The recent horrific and tragic attack at the mosque in Quebec and the subsequent categorical response from Canadians and concerned citizens around the world is a poignant reminder of one of our primary purposes as educators. As learning institutions, we must model and live by the highest standards associated with tolerance, empathy, and understanding while categorically rejecting all acts of hate, bigotry, and discrimination. The unique opportunity to serve as an educator includes an unwavering commitment to model and stand up for the values we hold dear in our schools.
While it is not the role of a teacher to promote and impose personal political, ethical, and moral views, it is a teacher’s responsibility to denounce, without exception, all comments and actions that are not in full adherence with the school’s focus on valuing plurality, difference, understanding, respect, and tolerance (with a recognition of the inherent challenge this poses). As intolerance is usually a result of fear and fear is often generated from a lack of understanding, the focus on learning in schools plays an ever-important role toward deeper understandings. The hope is that the suspicions and uncertainty that result from a lack of understanding or knowledge will be replaced with curiosity, support, and appreciation.
Prime Minister Justin Trudeau’s response to the shooting was a call to action and the coming together as a nation: “We will not stand for hatred and bigotry. Together we will ride from this darkness stronger and more unified than ever before.

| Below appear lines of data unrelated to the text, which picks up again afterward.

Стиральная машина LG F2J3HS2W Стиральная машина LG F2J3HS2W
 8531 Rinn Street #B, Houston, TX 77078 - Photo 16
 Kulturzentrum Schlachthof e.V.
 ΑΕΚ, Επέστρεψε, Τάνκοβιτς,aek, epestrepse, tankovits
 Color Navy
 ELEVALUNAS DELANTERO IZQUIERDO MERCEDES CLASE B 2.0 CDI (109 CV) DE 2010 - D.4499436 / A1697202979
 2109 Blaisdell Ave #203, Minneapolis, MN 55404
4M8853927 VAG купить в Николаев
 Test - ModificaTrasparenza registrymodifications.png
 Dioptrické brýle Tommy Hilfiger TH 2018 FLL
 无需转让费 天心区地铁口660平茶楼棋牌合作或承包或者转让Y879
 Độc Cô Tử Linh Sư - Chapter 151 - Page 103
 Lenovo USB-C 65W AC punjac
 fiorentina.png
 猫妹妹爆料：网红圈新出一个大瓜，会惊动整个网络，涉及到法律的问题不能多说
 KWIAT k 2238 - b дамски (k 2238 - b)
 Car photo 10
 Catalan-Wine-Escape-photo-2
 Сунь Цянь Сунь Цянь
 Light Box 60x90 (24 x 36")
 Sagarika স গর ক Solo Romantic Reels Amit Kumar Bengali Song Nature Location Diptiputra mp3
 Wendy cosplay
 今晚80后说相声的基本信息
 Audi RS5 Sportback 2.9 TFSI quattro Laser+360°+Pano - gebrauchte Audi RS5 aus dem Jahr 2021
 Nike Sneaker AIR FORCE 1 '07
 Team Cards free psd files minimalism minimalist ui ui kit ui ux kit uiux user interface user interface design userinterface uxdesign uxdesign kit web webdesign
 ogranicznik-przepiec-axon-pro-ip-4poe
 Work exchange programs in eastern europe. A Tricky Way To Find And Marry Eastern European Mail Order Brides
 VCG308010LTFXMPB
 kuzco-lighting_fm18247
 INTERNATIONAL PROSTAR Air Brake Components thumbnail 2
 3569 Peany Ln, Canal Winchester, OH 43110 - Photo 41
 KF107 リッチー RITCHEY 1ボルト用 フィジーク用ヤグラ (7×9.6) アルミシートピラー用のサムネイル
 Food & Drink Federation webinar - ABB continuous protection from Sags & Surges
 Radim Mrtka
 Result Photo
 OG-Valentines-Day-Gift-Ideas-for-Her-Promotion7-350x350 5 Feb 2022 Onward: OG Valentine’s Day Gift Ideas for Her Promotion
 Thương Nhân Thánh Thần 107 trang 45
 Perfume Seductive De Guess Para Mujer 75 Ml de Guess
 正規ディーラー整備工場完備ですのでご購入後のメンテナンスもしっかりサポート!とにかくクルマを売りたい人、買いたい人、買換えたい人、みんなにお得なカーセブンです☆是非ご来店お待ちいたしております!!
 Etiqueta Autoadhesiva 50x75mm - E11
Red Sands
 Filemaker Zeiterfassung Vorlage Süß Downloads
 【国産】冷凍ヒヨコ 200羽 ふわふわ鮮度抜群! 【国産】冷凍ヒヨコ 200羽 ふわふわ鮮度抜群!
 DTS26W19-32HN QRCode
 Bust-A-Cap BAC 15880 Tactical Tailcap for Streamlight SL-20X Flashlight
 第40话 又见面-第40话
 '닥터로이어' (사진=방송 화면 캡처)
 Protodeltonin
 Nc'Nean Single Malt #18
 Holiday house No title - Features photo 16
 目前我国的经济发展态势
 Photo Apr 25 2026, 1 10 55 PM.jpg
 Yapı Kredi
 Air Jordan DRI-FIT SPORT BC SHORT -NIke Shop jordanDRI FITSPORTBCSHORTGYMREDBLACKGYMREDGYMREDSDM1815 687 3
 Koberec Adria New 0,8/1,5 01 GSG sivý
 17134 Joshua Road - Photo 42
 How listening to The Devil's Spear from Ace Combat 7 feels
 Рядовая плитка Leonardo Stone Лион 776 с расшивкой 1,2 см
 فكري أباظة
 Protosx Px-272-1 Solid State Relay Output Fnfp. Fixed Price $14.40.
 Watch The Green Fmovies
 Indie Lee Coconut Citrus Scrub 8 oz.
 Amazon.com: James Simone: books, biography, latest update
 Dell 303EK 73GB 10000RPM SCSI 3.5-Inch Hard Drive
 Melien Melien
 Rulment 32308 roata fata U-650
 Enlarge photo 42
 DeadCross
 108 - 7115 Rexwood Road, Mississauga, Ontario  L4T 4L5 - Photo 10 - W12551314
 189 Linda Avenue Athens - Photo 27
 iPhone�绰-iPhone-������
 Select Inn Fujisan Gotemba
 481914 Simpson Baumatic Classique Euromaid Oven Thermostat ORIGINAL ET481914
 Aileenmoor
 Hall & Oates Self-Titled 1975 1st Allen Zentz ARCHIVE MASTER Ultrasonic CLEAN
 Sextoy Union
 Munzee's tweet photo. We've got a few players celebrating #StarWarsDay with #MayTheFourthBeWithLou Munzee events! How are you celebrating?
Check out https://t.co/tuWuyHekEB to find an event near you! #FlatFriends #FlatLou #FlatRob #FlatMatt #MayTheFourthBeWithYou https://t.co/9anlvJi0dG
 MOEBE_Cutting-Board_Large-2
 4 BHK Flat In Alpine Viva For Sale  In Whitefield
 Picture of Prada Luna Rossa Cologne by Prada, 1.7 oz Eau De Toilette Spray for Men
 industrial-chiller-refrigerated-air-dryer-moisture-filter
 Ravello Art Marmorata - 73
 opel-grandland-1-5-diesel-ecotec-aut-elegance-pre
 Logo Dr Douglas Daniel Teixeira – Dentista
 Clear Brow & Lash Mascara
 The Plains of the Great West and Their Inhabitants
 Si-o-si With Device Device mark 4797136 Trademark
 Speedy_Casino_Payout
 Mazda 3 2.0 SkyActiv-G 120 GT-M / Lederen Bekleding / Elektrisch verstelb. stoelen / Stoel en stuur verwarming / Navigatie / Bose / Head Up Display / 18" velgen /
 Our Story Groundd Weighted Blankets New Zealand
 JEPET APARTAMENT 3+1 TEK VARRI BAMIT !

That is who we are… love, always love, instead of hate.” It is also heartening and inspiring to witness the commitment of our education colleagues and the focus of so many schools and organizations to take a stand against all that divides us. The message is clear in that, if one of us suffers, we all suffer. By way of example, Asger Leth’s video, Three Beautiful Human Minutes, is a moving testimonial conveying the message that there is more that brings us together than we think. Teachers are also regularly seeking ways to embrace and learn from our differences. Alison Schofield recently posted a helpful article entitled, “How Teachers can Honor and Nurture all Students’ Languages and Cultures within an International School.” The University of Minnesota, where I am currently engaged in graduate studies, just launched a “We All Belong Here” campaign, with five key messages: 1. Our differences drive our greatness, 2. Respect everyone everyday, 3. Rise above intolerance, 4. Stand up to injustice, 5. Strive to be inclusive.
This work is not easy, though it is of paramount importance. The work of a colleague at the American School of Brasilia, Gavin Hornbuckle, highlights one of these challenges. Gavin conducted extensive doctoral research in the area of intercultural competencies. The results of his study and others indicate that, “while teachers often believe that they possess the intercultural skill-set required to play that role, in reality this may not be the case” (Horbuckel, 2013). The research also stresses that the majority of educators have more of a monocultural mindset, while our students show evidence of being more sophisticated in their intercultural development” (Cushner, 2012). It is a fact that intercultural competence does not come naturally and is an area that we, as educators, need to continually work at.
One of Prime Minister Trudeau’s recent statements may serve as a guiding principle for our schools: “If we allow individuals and organizations to succeed by scaring people, then we do not actually end up any safer. Fear does not make us stronger, it makes us weaker. We are bound by one, unwavering, unshakable truth: we are stronger not despite our differences, but because of them”.
Cushner, K. (2012). Planting seeds for peace: Are they growing in the right direction? International Journal of Intercultural Relations, 36(2), 161-168.
Hornbuckle, G. C. (2013). Teachers' views regarding ways in which the intercultural competence of students is developed at an international school in Southeast Asia: a mixed methods study. Unpublished Doctoral Dissertation, University of Minnesota, Minneapolis, MN.